▶ Dataset extract
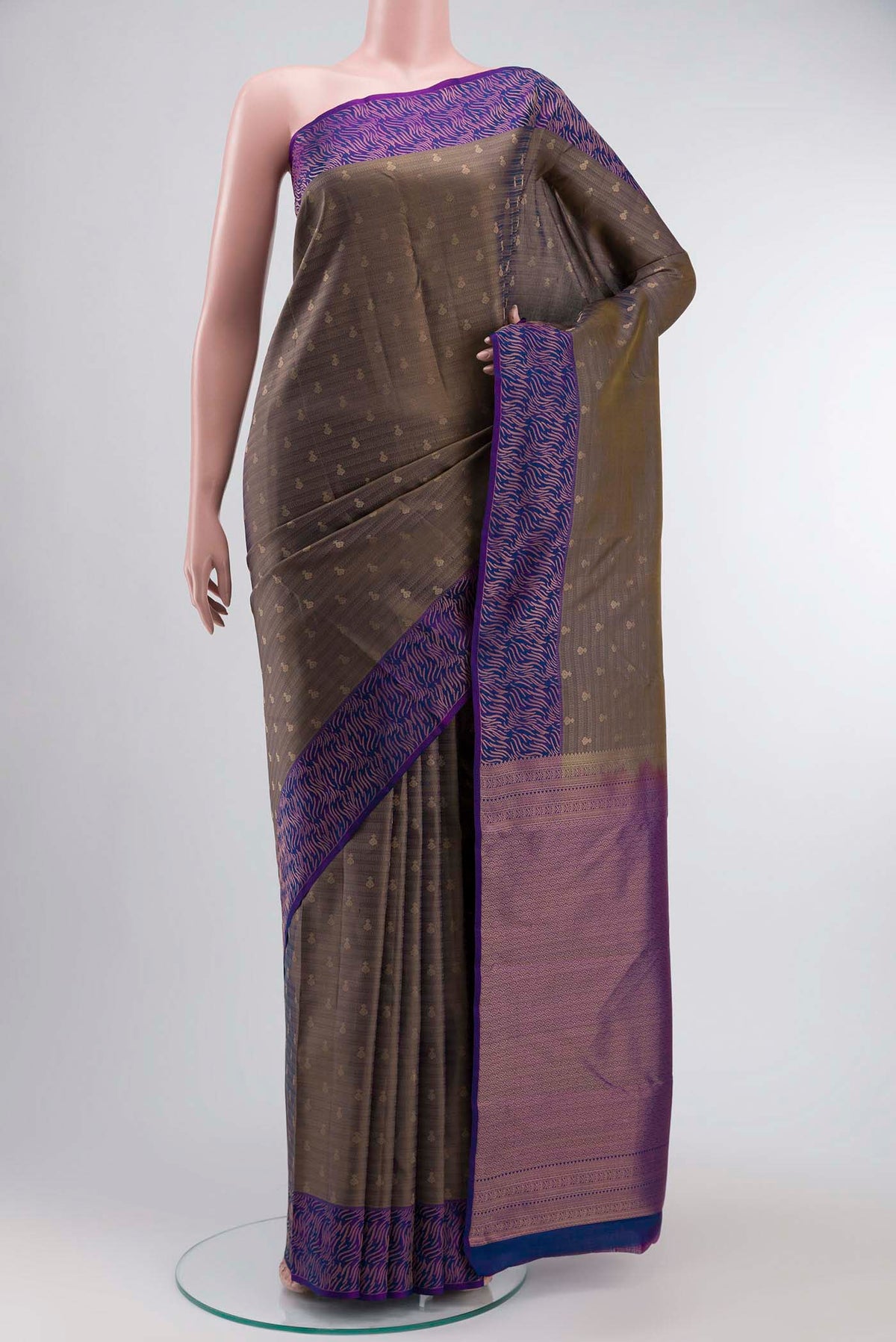 Grey Kanchipuram Silk Saree with Zari Butta on the body and Zari Border displayed on a mannequin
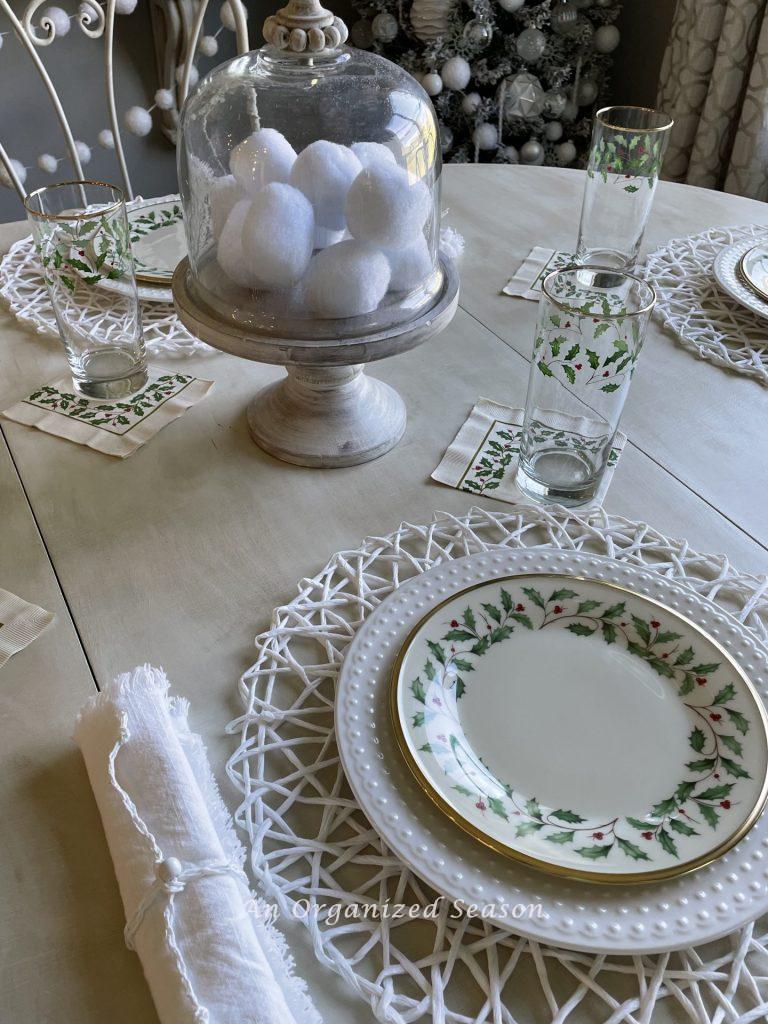 A kitchen table set with white and cream dishes with holly leaves adds a little bit of Christmas to the kitchen.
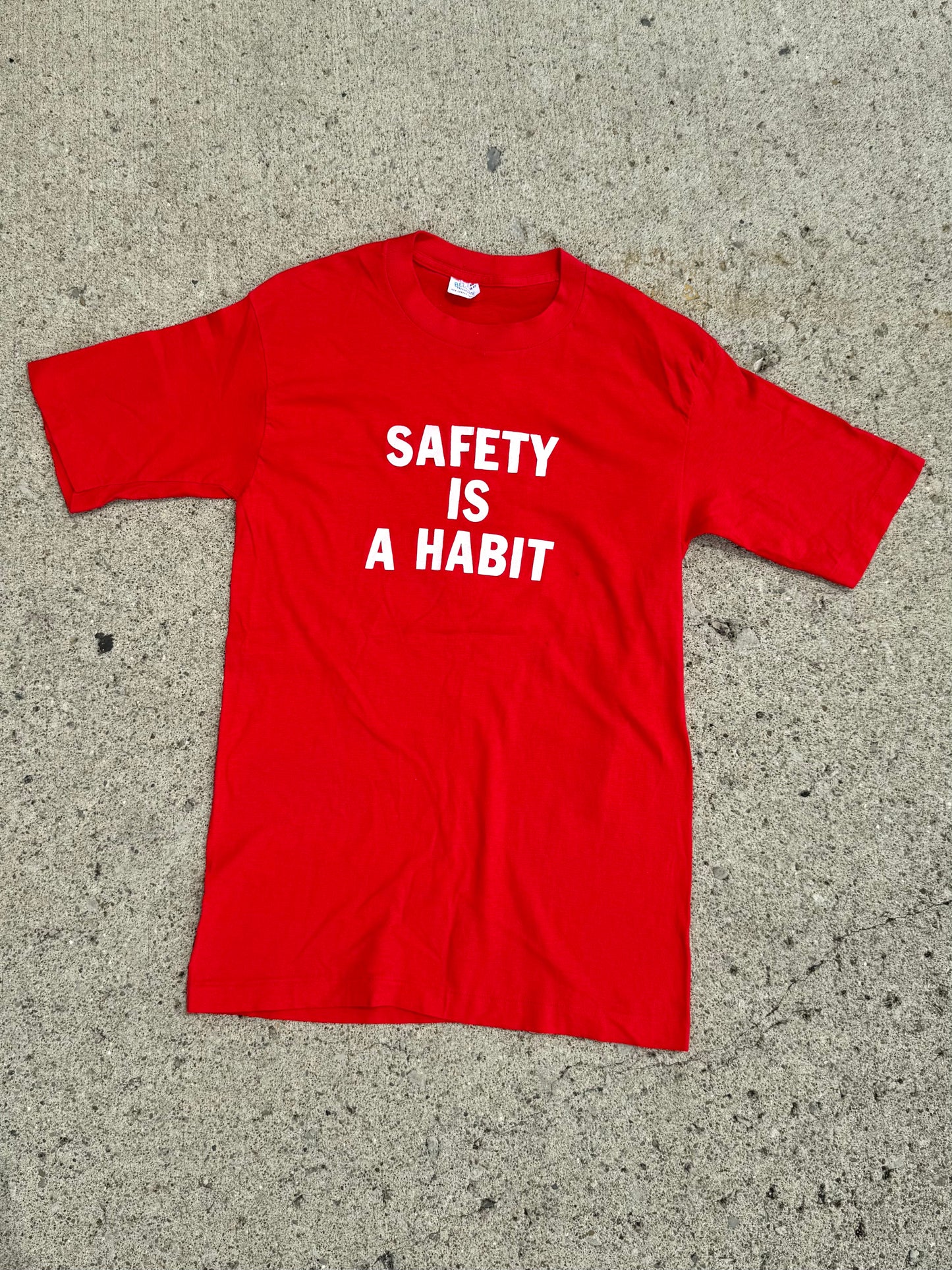 Vintage 1980s Firestone "Safety is a Habit" Red Graphic Tee | Medium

▶ Problem description
Transcribe exactly the span of lines from the line holding "A kitchen table" through the last line above, both included. Pictures stay out.

▶ Response to the exercise
 A kitchen table set with white and cream dishes with holly leaves adds a little bit of Christmas to the kitchen.
 Vintage 1980s Firestone "Safety is a Habit" Red Graphic Tee | Medium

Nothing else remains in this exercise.